__PROBLEM TO SOLVE__
An exact transcript is required of the lines below, from the one containing "特技:体にエネルギーをためこまない物質をつくる" through the very last; leave every picture out of it.

++++++++

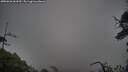 ./images/calvert/fitz-hugh-hecate/20250626/fitz-hugh-hecate20250626_063510M.jpg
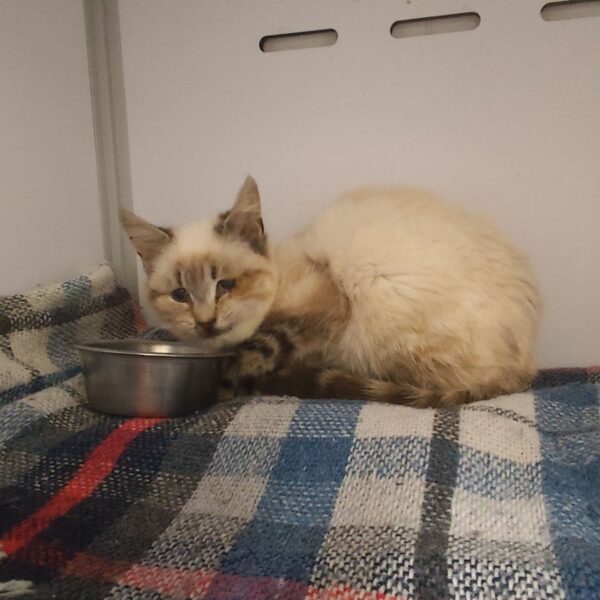 25/03 – FOURRIÈRE Chats – DD76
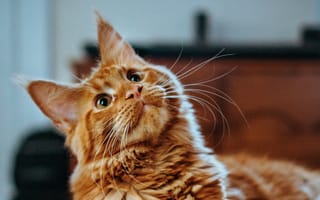 Картинка кот, рыжий, игривый, усы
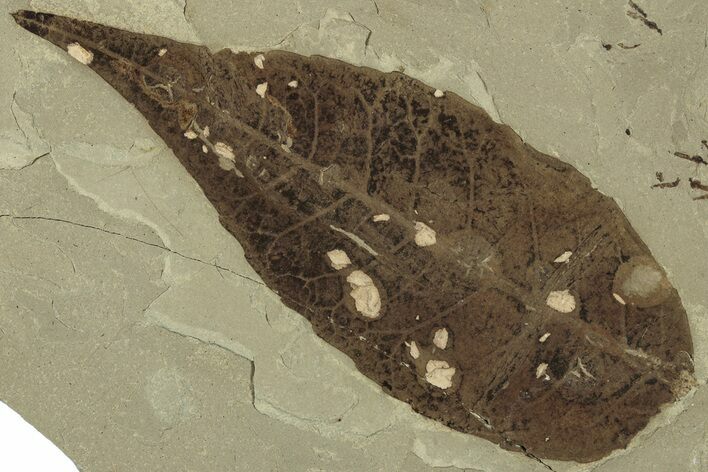 Fossil Poplar Leaf and Craneflies - Green River Formation, Utah #323347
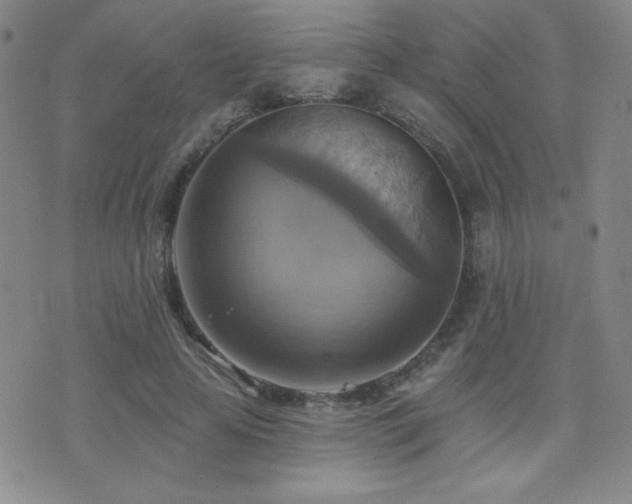 X0000071910641200607071133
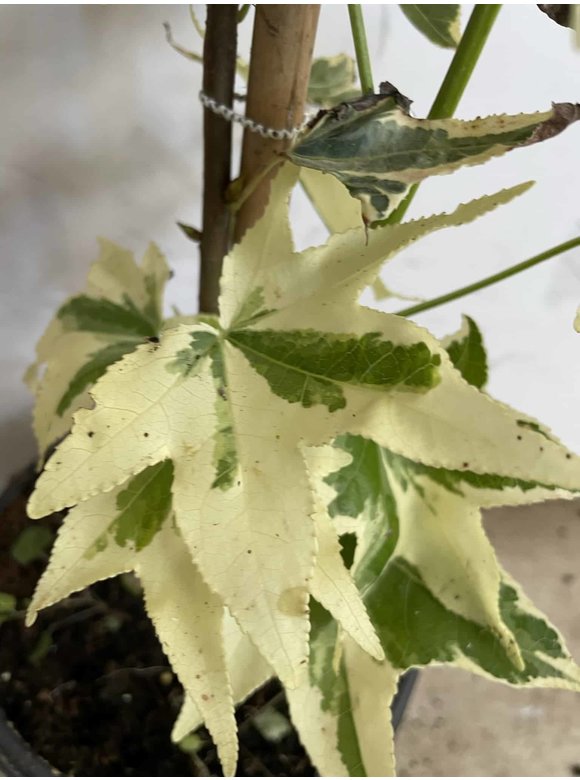 Kleiner Amerikanischer Amberbaum 'Silver King' | Liquidambar styraciflua 'Silver King' Kleiner Amerikanischer Amberbaum 'Silver King' | Liquidambar styraciflua 'Silver King'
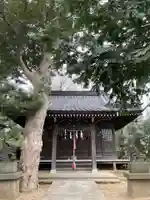 日枝神社の本殿・本堂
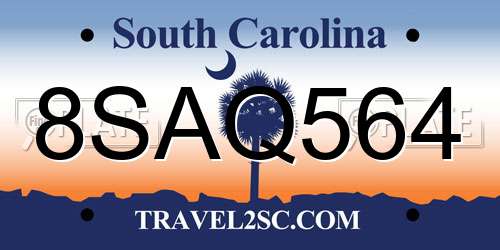 8SAQ564 South Carolina License Plate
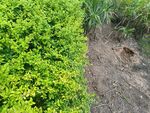 綠植旁的泥土痕跡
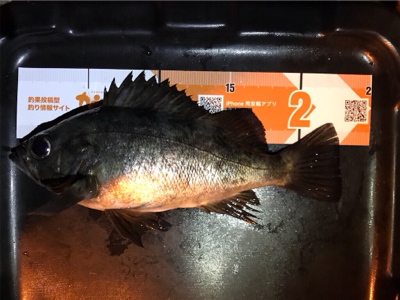 メバリングin御所浦4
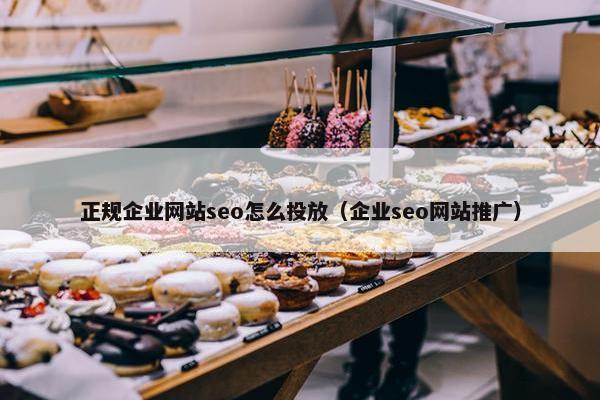 正规企业网站seo怎么投放（企业seo网站推广）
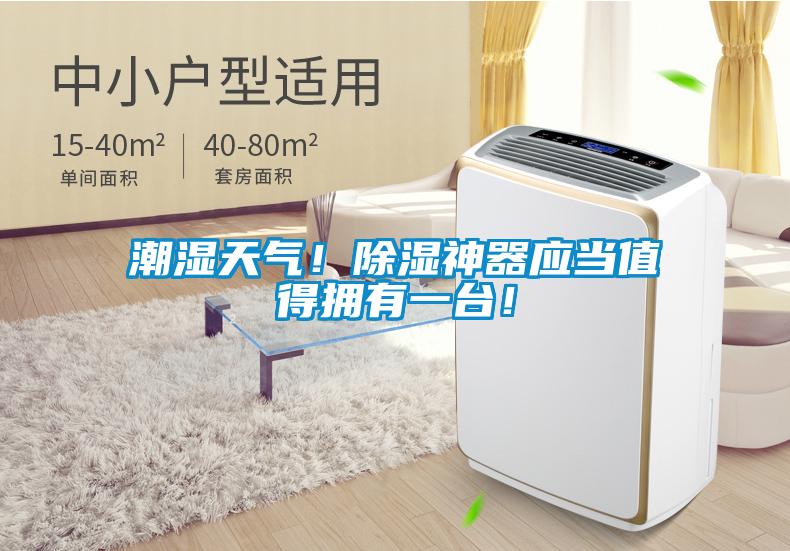 潮湿天气！香蕉视频国产APP下载神器应当值得拥有一台！
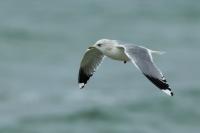 Larus canus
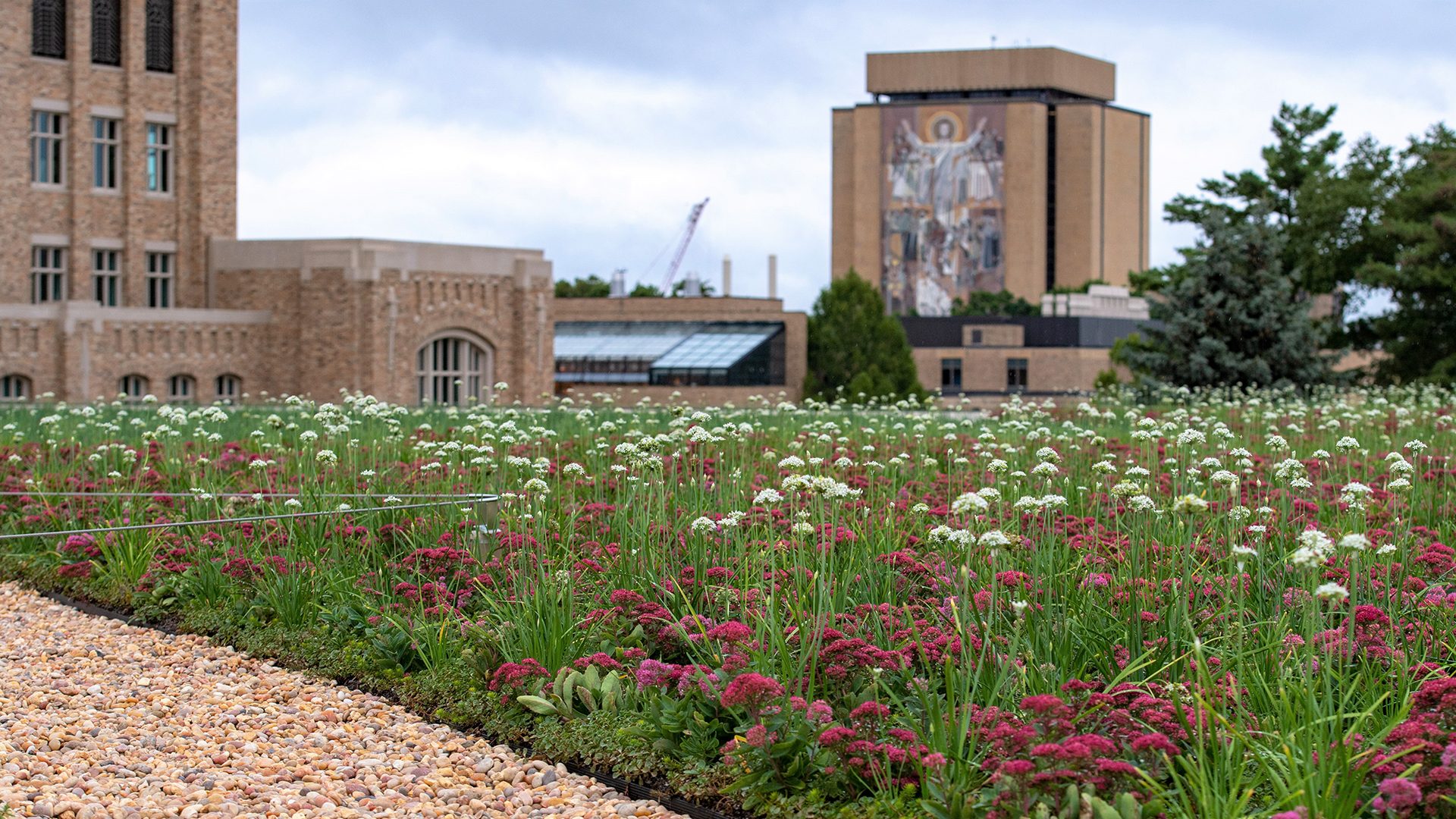 University of Notre Dame - Joyce Center Green Roof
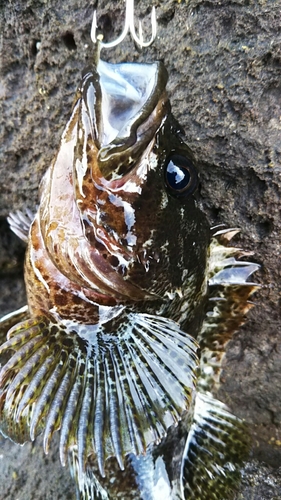 ムラソイの釣果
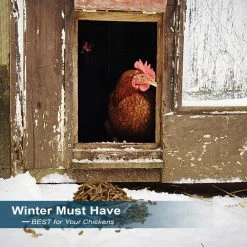 6 lbs. Natural Dried Soldier Fly Larvae for Chickens, Ducks, Geese, Turkeys and more. 85X more calcium than mealworms by Euchirus 9 6 lbs. Natural Dried Soldier Fly Larvae for Chickens, Ducks, Geese, Turkeys and more. 85X more calcium than mealworms by Euchirus -Cheap Bird & Wildlife Supplies Store euchirus bird seed food fly larvae 6 4f 1000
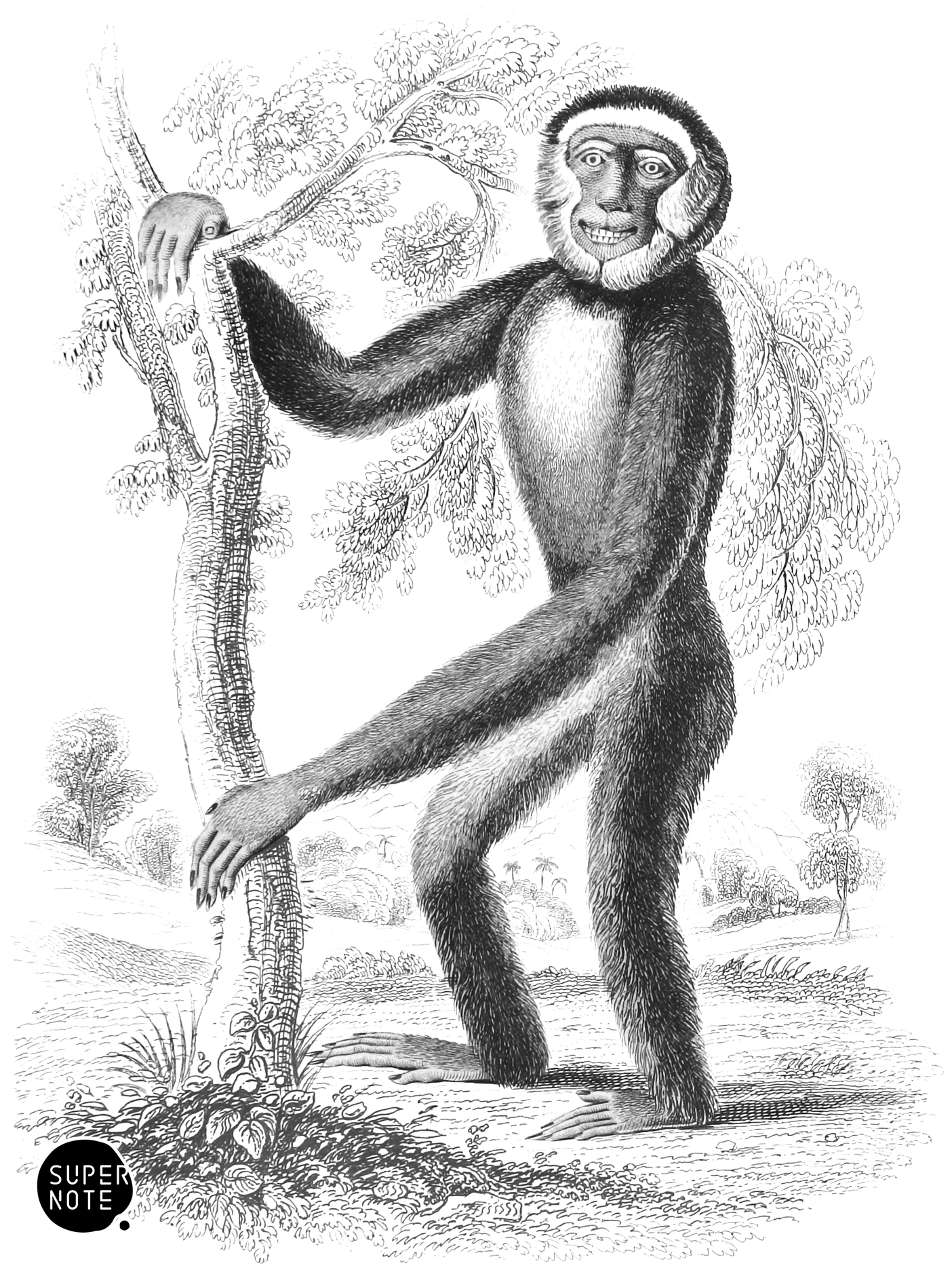 Hoolock (vol-02 plate-3-lizars).png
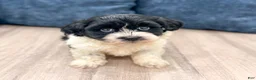 Havanese dogs for sale: Harry - Ad 3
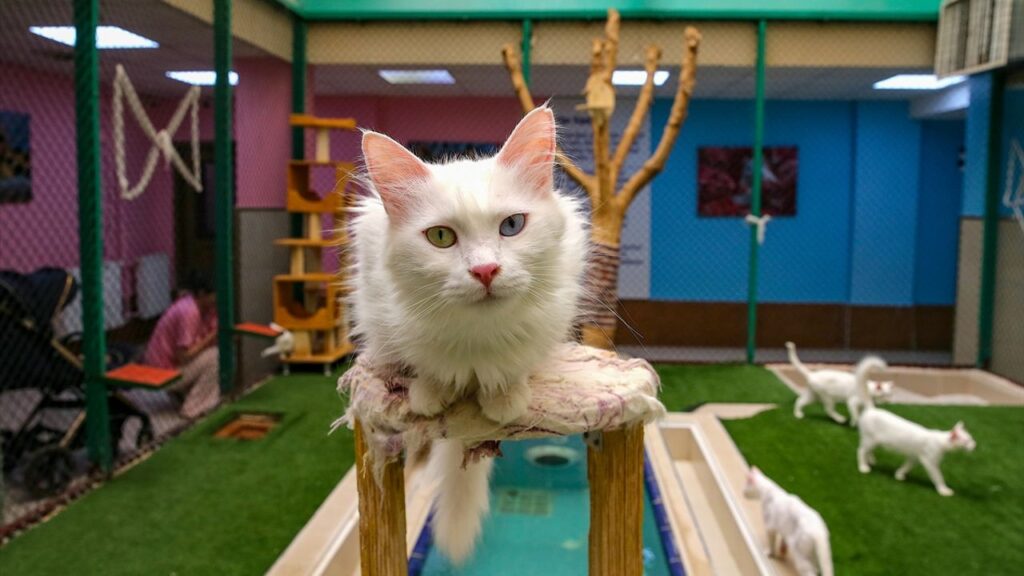 Van kedileri yazı klimalı odalarda ve havuzda geçiriyor – Birlik Haber Ajansı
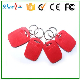 RFID Keyfob/RFID Tag Tk4100/Em4100 for Access Control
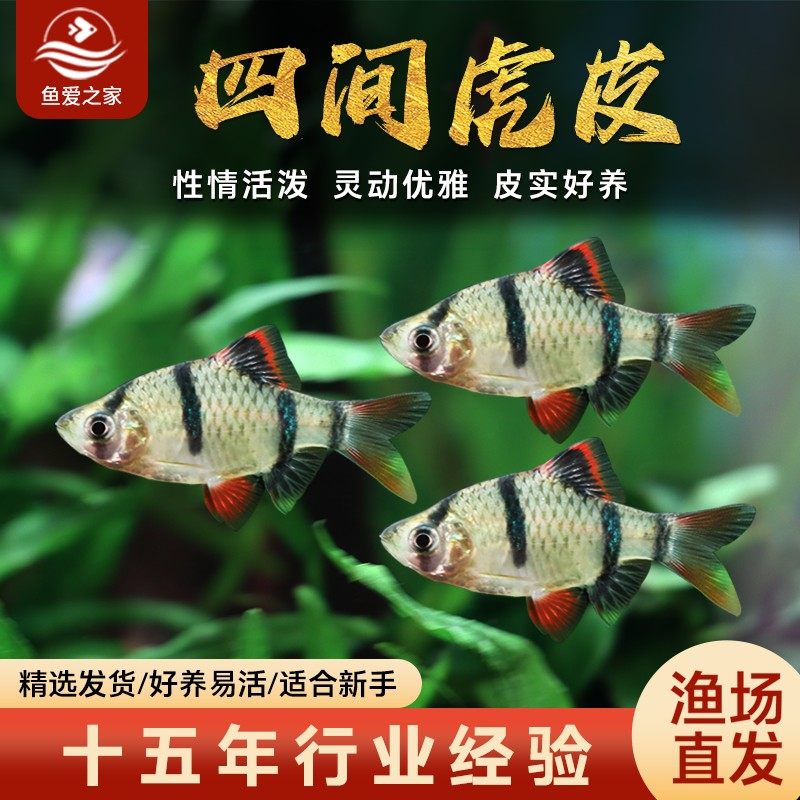 四间虎皮鱼观赏鱼热带鱼金虎蓝虎群游鱼苗好养耐活鱼淡水鱼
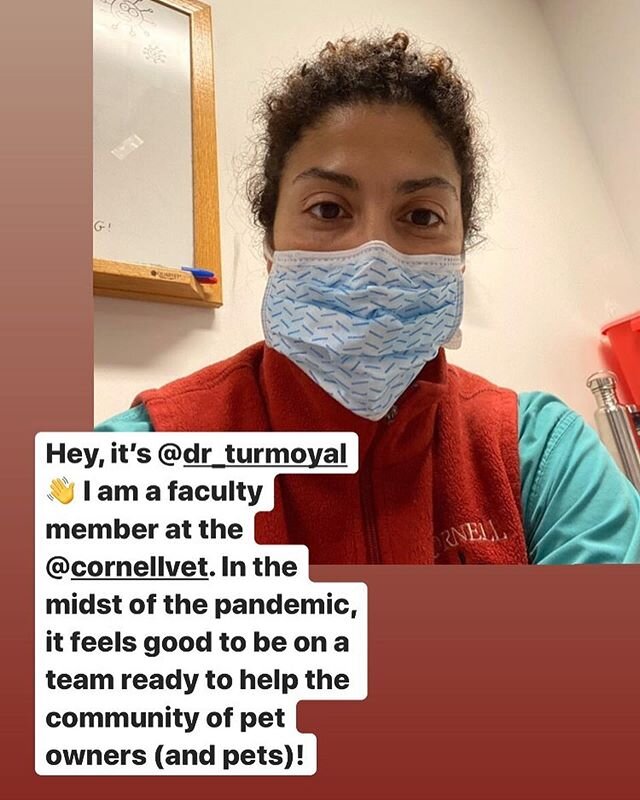 Hey, it&rsquo;s @dr_turmoyal, I am a faculty member at the College of Veterinary Medicine at Cornell. In the midst of the pandemic, it feels good to be on a team ready to help the community of pet owners (and pets)! Join me for a snapshot of my #quar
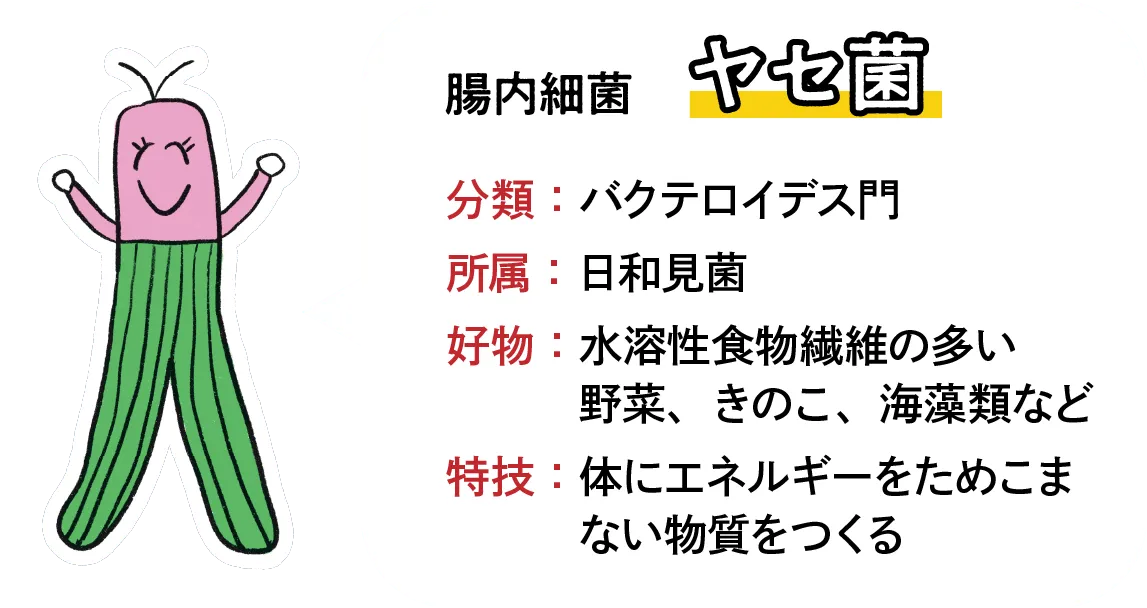 ヤセ菌
分類:バクテロイデス門
所属:日和見菌
好物:水溶性食物繊維の多い野菜、きのこ、海藻類など
特技:体にエネルギーをためこまない物質をつくる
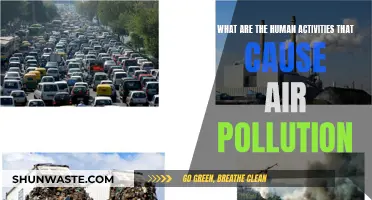 Human Activities Polluting Our Air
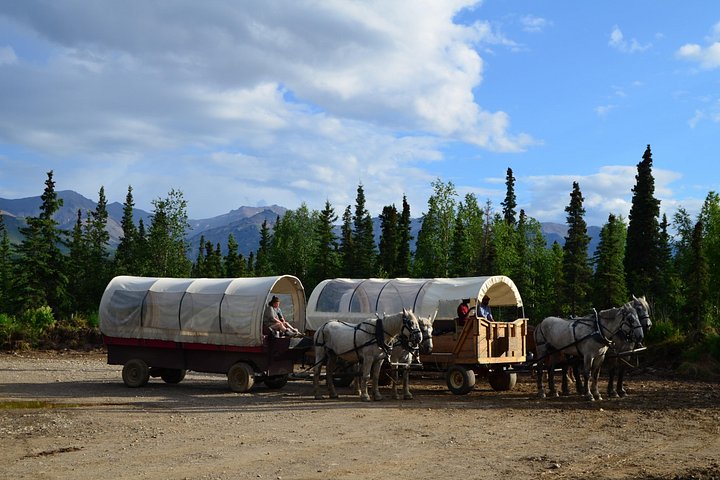 Tur i hestetrukket vogn gennem Denali National Park med spisning i vildmarken, foto 11 | wizardtrip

++++++++

__TASK OUTPUT__
特技:体にエネルギーをためこまない物質をつくる
 Human Activities Polluting Our Air
 Tur i hestetrukket vogn gennem Denali National Park med spisning i vildmarken, foto 11 | wizardtrip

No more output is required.